Top of Material for this task
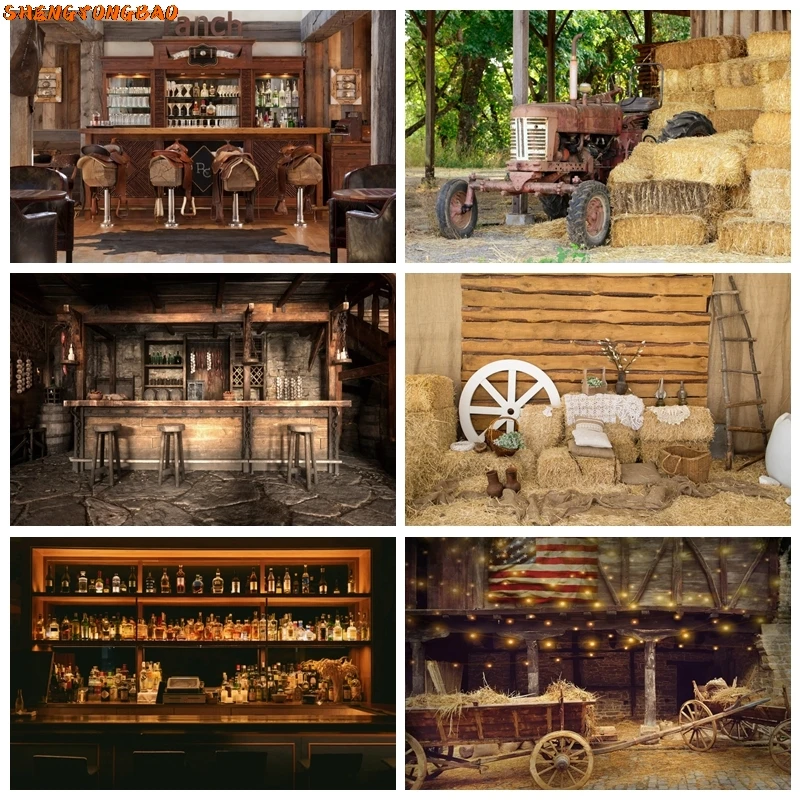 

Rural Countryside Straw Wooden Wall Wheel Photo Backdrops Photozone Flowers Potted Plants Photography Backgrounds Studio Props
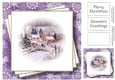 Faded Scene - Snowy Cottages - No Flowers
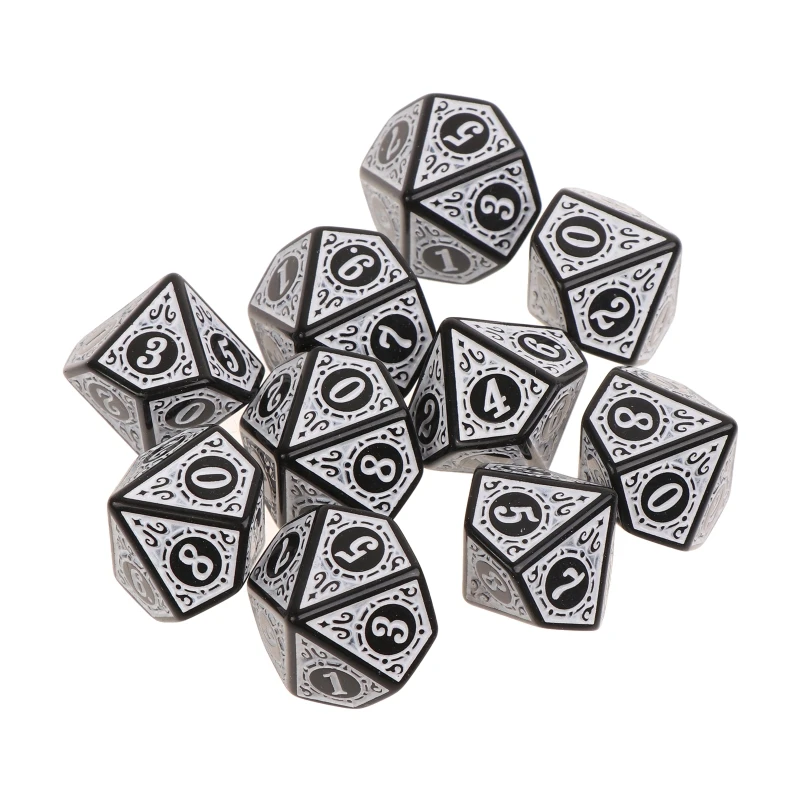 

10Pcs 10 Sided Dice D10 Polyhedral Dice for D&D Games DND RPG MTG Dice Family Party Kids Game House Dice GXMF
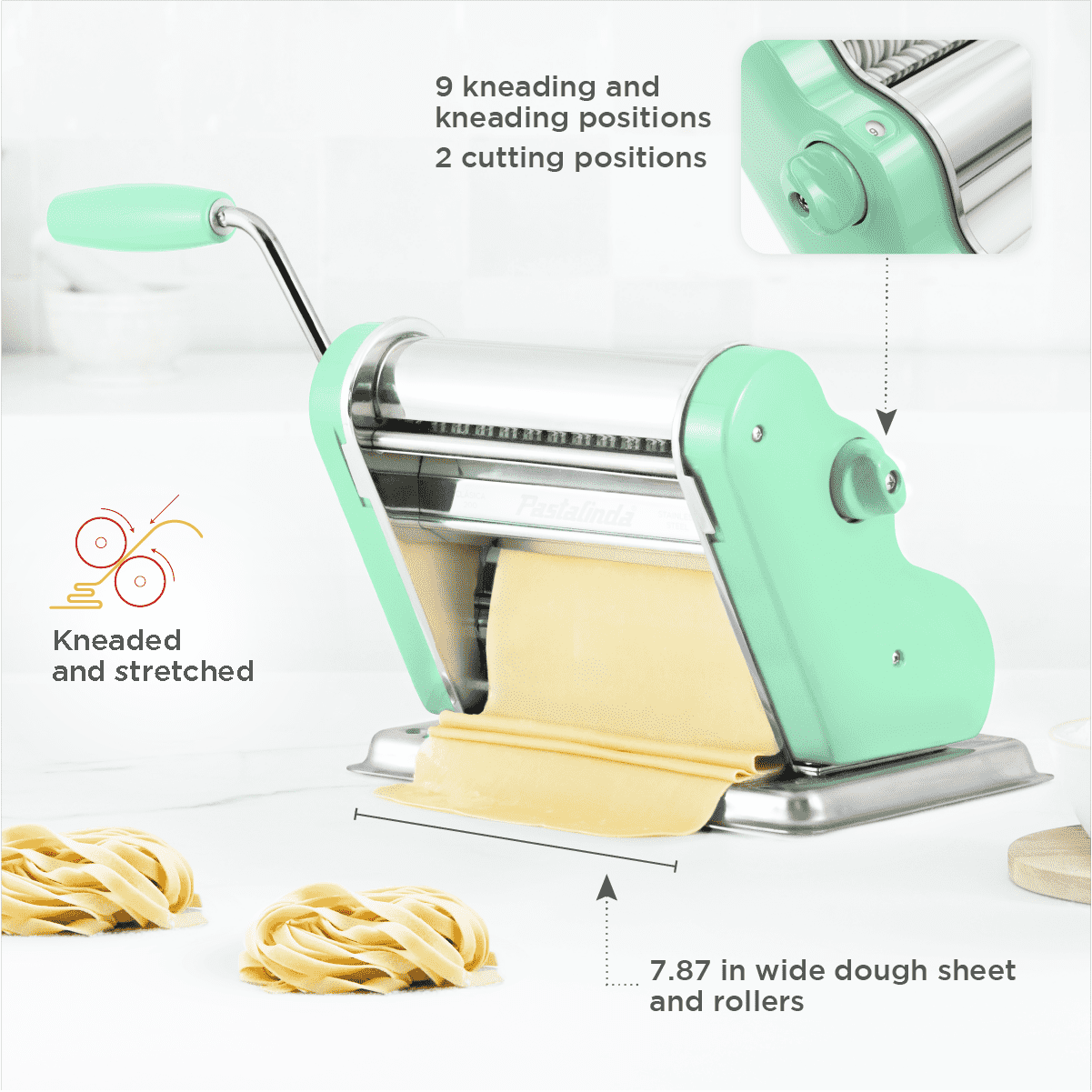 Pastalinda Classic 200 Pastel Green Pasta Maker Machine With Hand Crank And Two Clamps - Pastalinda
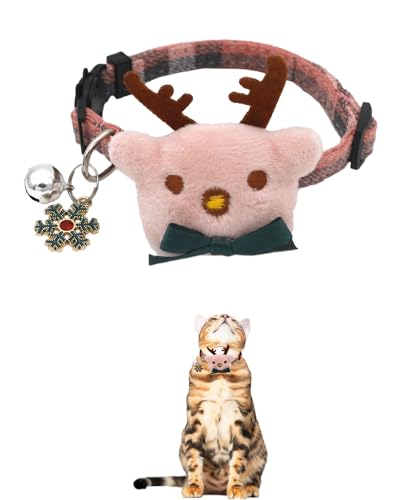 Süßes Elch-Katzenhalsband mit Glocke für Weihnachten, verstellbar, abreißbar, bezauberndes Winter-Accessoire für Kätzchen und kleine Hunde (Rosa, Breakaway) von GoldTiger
Bottom of Material for this task
**Exercise details**:
Set down exactly, line for line, the data from the line that contains "Faded Scene - Snowy Cottages - No Flowers" through its last line, keeping pictures out.

**Response for this exercise**:
 Faded Scene - Snowy Cottages - No Flowers

10Pcs 10 Sided Dice D10 Polyhedral Dice for D&D Games DND RPG MTG Dice Family Party Kids Game House Dice GXMF
 Pastalinda Classic 200 Pastel Green Pasta Maker Machine With Hand Crank And Two Clamps - Pastalinda
 Süßes Elch-Katzenhalsband mit Glocke für Weihnachten, verstellbar, abreißbar, bezauberndes Winter-Accessoire für Kätzchen und kleine Hunde (Rosa, Breakaway) von GoldTiger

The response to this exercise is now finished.